1351.03(L) for failing to comply with a notice of violation. At his jury trial in November
2024, Manson was found guilty on that failure-to-comply charge. He now appeals. Manson Has Not Shown That Jurors 2 and 5 Were Actually Biased Against Him
{¶5} In his sole assignment of error, Manson argues that his trial counsel was
ineffective for failing to rehabilitate or remove during jury selection two prospective jurors
who, according to Manson, were biased against him.
{¶6} The Sixth Amendment, of course, provides that an accused is entitled to the
assistance of counsel in a criminal case. U.S. Const., amend. VI. For a conviction to be
reversed based on a claim of ineffective assistance of counsel, a defendant must first
prove that his or her counsel’s performance was deficient. Strickland v. Washington, 466
U.S. 668, 687 (1984). Next, the defendant must show that he or she was prejudiced by
counsel’s deficient performance. Id. To prove prejudice, the defendant must show that
the attorney’s errors “were so serious as to deprive the defendant of a fair trial, a trial
whose result is reliable.” Id.
{¶7} In describing ineffective-assistance claims that focus on the jury-selection
process, the Supreme Court of Ohio has explained that “‘[f]ew decisions at trial are as
subjective or prone to individual attorney strategy as juror voir dire, where decisions are
often made on the basis of intangible factors.’” State v. Mundt, 2007-Ohio-4836, ¶ 64,
quoting Miller v. Francis, 269 F.3d 609, 620 (6th Cir. 2001). A defendant’s trial counsel
is therefore “in the best position to determine whether any potential juror should be
questioned and to what extent.” State v. Murphy, 91 Ohio St.3d 516, 539 (2001).
Because of this, Ohio courts “have consistently declined to . . . impose ‘hindsight views
about how [trial] counsel might have voir dired the jury differently.’” Mundt at ¶ 63, quoting
State v.

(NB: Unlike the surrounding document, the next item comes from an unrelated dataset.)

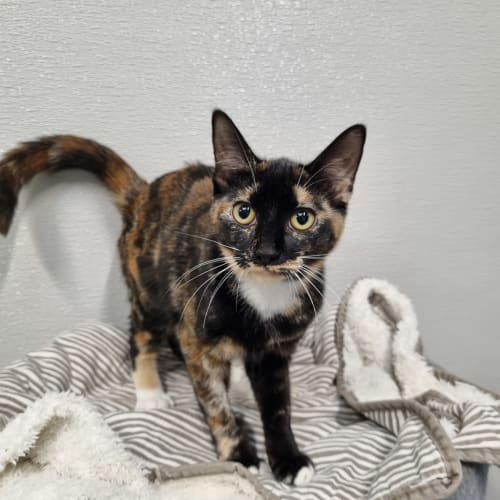Gypsy (bonded With Olive)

Mason, 82 Ohio St.3d 144, 157 (1998). It cannot, however, “‘be a discretionary or strategic decision’” for trial counsel to seat a biased juror. State v. Froman, 2020-Ohio-
4523, ¶ 49, quoting Miller v. Webb, 385 F.3d 666, 675 (6th Cir. 2004).
{¶8} To prove the prejudice prong of an ineffective-assistance claim based “on
an assertion that [a defendant’s trial] counsel allowed the impanelment of a biased juror,
the defendant ‘must show that the juror was actually biased against him.’” (Emphasis in
original.) Mundt at ¶ 67, quoting Miller, 269 F.3d at 616. “‘Actual bias is “bias in fact” —
the existence of a state of mind that leads to an inference that the person will not act with
entire impartiality.’” State v. Kirkland, 2020-Ohio-4079, ¶ 73, quoting United States v.
Torres, 128 F.3d 38, 43 (2d Cir. 1997). “A court will find actual bias when” a prospective
juror makes an “unambiguous statement of partiality,” and that statement “is ‘coupled with
a lack of juror rehabilitation or juror assurances of impartiality.’” Id. at ¶ 74, quoting Miller,
385 F.3d at 675.
{¶9} Manson draws our attention here to the statements made by jurors 2 and 5
during jury selection. Juror 2 was asked by the state: “[t]hose of you who have good
neighbors and have never experienced a bad neighbor, what would a bad neighbor look
like to you? Juror number 21 told us a neighbor with trash in their yard . . . anyone else
agree that that would be considered a bad neighbor?” Juror 2 responded: “[u]m I think
when you move into a neighborhood there is a general expectation that you need to keep
it clean and keep it visually appealing. So when other neighbors don’t keep up to that
standard, they are considered bad neighbors. If they are overly picky or unreasonable
about certain things, that would also make them a bad neighbor.”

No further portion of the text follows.